Work to complete: The data below should be printed in full, exactly, and without any of its images.

── Dataset

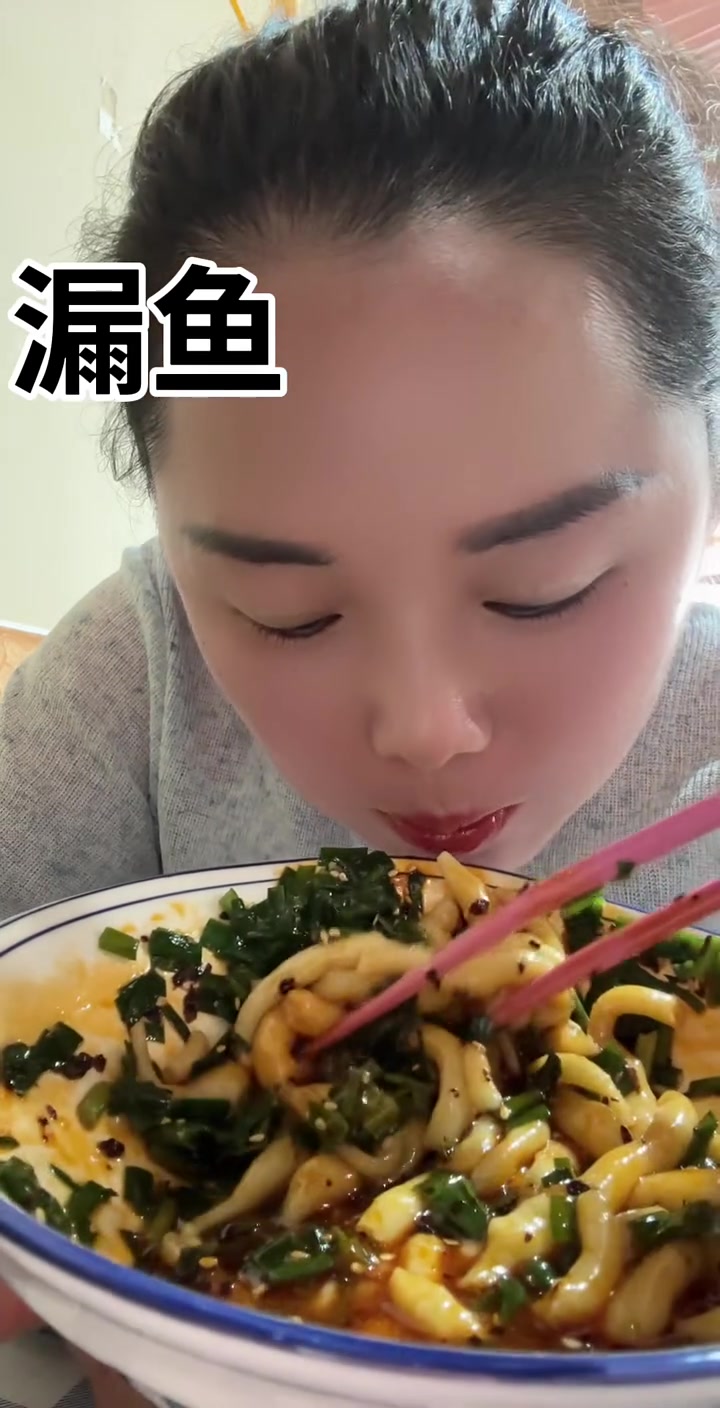 隆家乐超好吃的凉拌鹿鱼,你吃过吗?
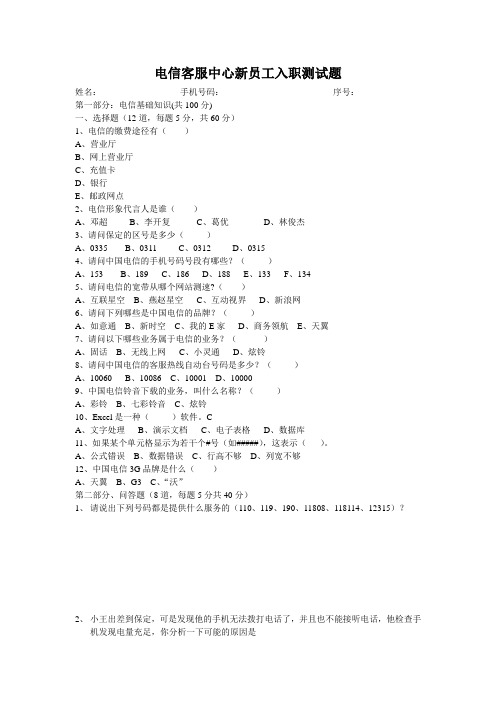 电信客服中心新员工入职测试题答案(8.31)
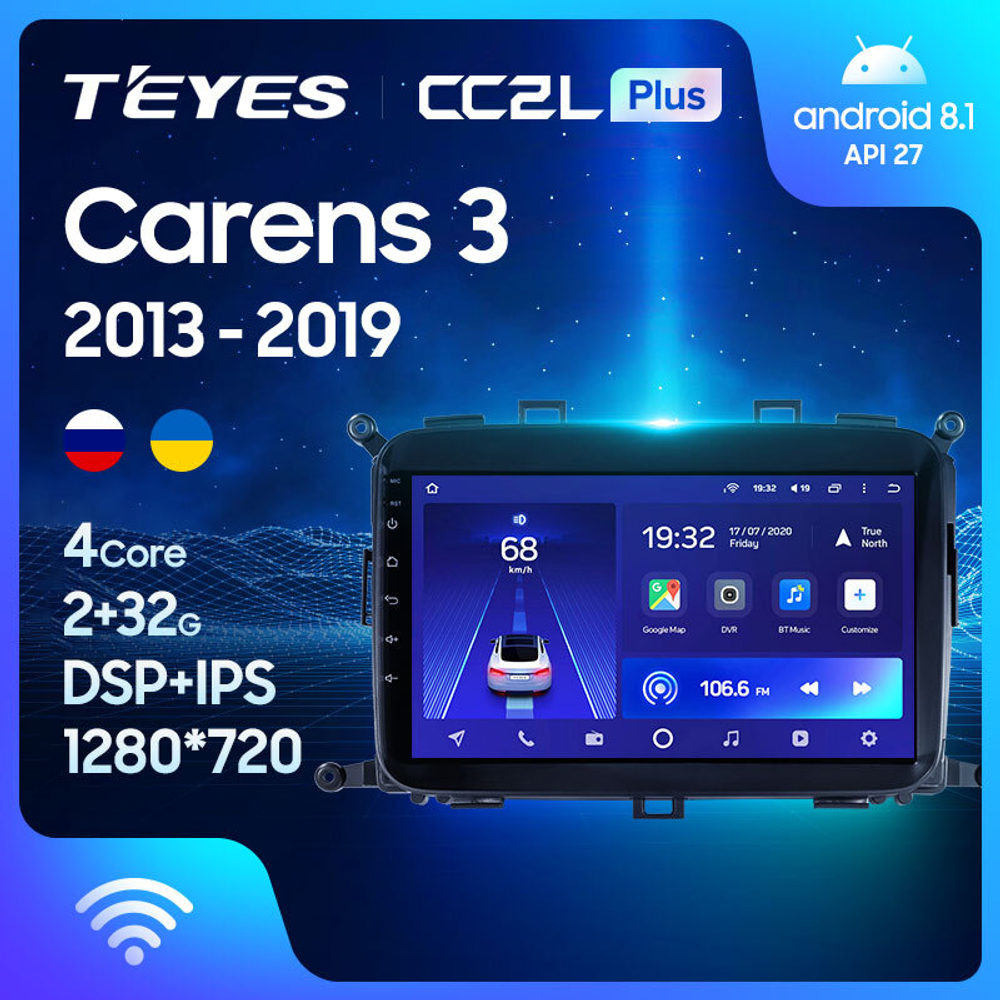 Teyes CC2L Plus 9"для KIA Carens 2013-2019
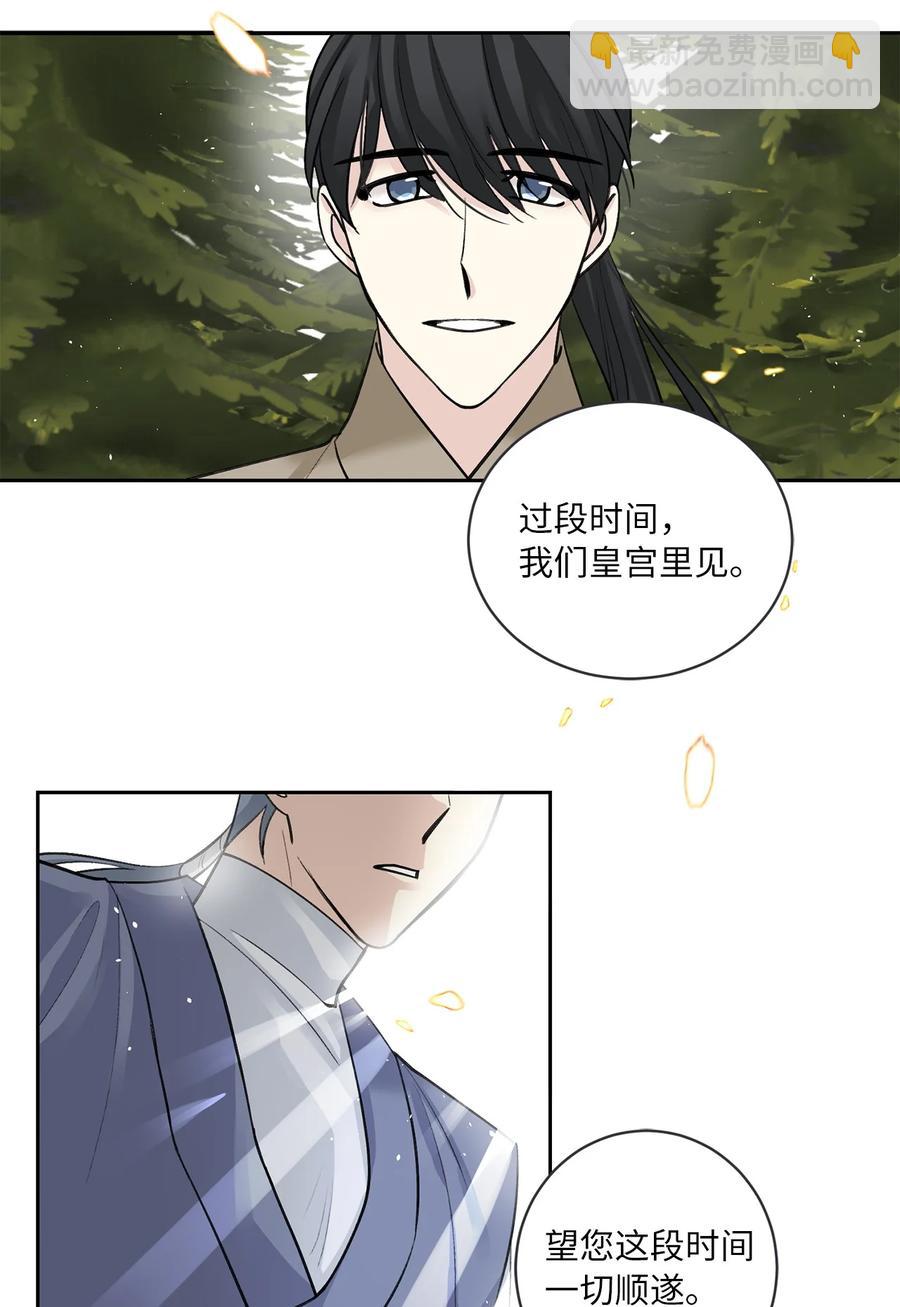 34 回宫-第34话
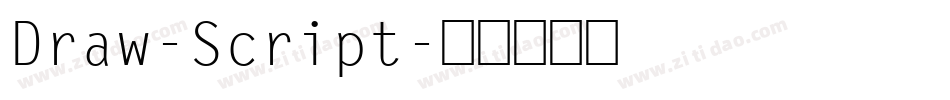 Draw-Script字体转换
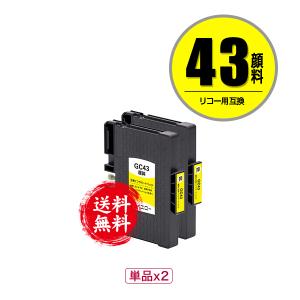GC43 顔料 Mサイズ 4色セット + GC43K×2 お得な6個セット リコー用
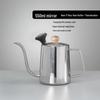 Чайник для кофе пуровер Zhao Ran Y1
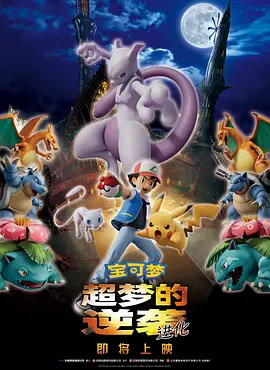 话应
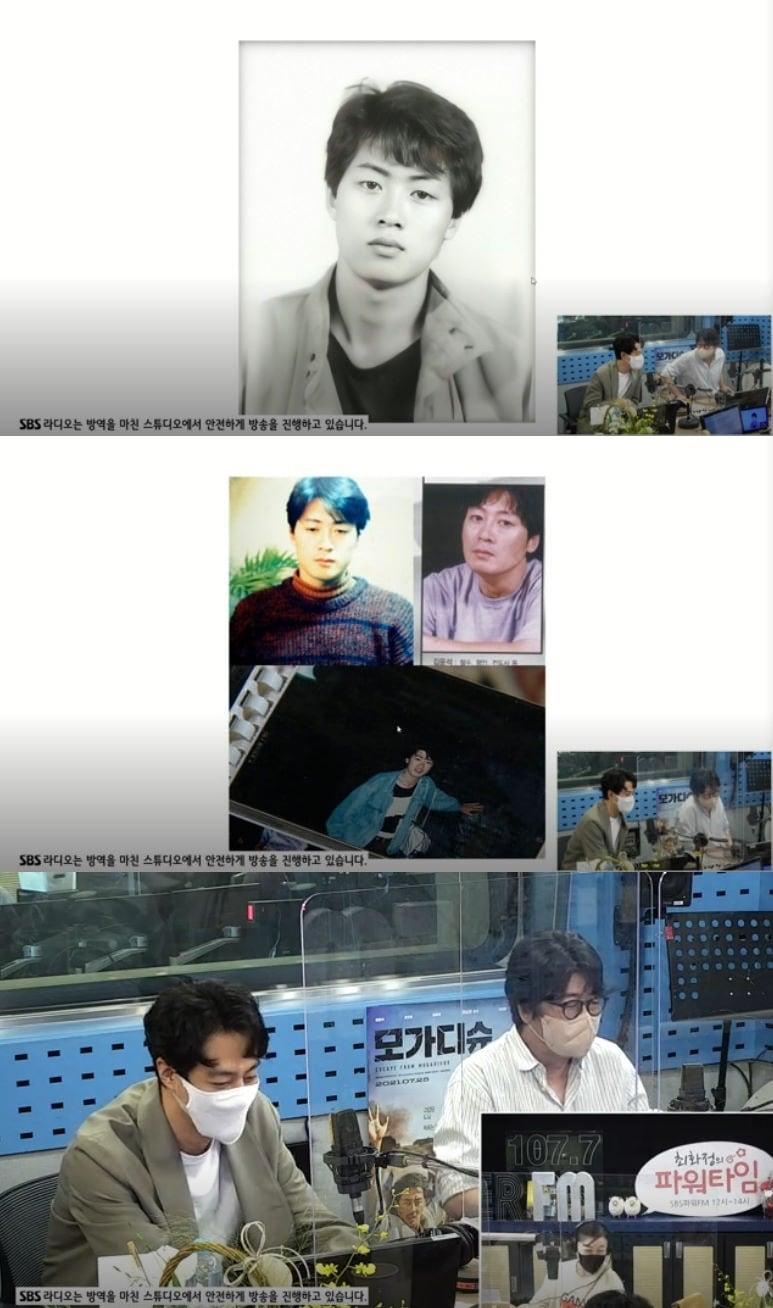 본문 이미지 - '최화정의 파워타임' 캡처 ⓒ 뉴스1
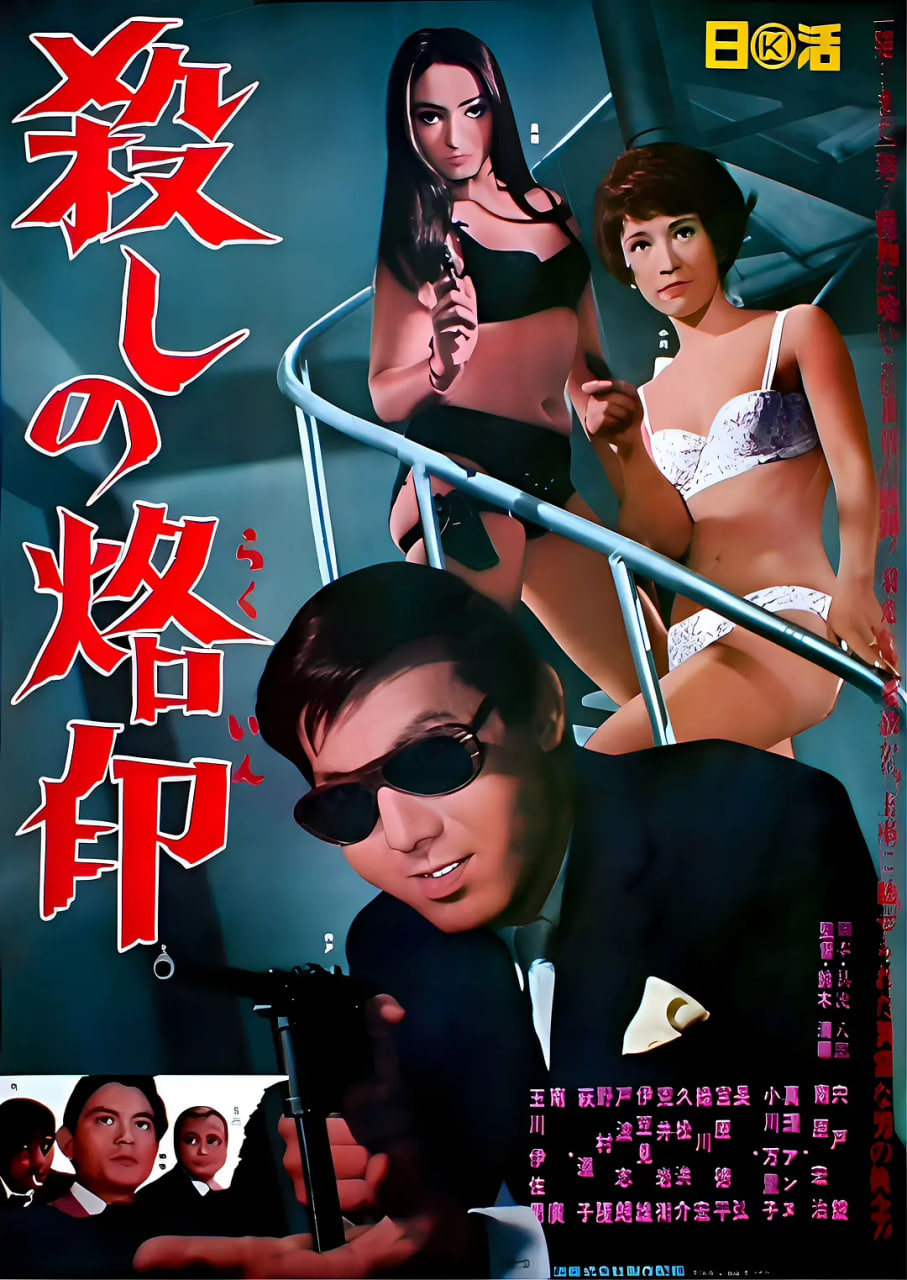 杀手烙印封面图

────

Your solution:
 隆家乐超好吃的凉拌鹿鱼,你吃过吗?
 电信客服中心新员工入职测试题答案(8.31)
 Teyes CC2L Plus 9"для KIA Carens 2013-2019
 34 回宫-第34话
 Draw-Script字体转换
GC43 顔料 Mサイズ 4色セット + GC43K×2 お得な6個セット リコー用
 Чайник для кофе пуровер Zhao Ran Y1
 话应
 본문 이미지 - '최화정의 파워타임' 캡처 ⓒ 뉴스1
 杀手烙印封面图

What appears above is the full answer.